_Provided records_:
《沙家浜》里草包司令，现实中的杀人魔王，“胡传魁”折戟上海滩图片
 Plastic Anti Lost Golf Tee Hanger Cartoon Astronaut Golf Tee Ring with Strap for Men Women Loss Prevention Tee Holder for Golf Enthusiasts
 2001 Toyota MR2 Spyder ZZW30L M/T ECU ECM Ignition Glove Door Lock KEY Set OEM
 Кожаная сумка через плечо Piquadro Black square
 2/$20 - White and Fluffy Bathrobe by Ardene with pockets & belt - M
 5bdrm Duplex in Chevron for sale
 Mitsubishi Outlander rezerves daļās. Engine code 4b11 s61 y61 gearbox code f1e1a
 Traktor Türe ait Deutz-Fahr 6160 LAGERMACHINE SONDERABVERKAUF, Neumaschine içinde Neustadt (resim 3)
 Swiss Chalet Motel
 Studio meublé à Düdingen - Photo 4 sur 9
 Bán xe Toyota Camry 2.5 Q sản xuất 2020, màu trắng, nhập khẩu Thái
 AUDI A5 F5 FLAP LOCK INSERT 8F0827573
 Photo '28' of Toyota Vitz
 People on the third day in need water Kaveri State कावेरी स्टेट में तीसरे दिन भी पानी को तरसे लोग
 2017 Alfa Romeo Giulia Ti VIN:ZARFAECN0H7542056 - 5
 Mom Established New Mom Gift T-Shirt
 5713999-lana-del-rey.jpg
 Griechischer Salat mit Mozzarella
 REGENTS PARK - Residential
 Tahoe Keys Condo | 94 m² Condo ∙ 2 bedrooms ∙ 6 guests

_Exercise directions_: In the listing above, the lines from the one containing "Studio meublé à Düdingen - Photo 4 sur 9" through the one containing "People on the" must be set down exactly, with no other lines.

_Reply to the task_:
 Studio meublé à Düdingen - Photo 4 sur 9
 Bán xe Toyota Camry 2.5 Q sản xuất 2020, màu trắng, nhập khẩu Thái
 AUDI A5 F5 FLAP LOCK INSERT 8F0827573
 Photo '28' of Toyota Vitz
 People on the third day in need water Kaveri State कावेरी स्टेट में तीसरे दिन भी पानी को तरसे लोग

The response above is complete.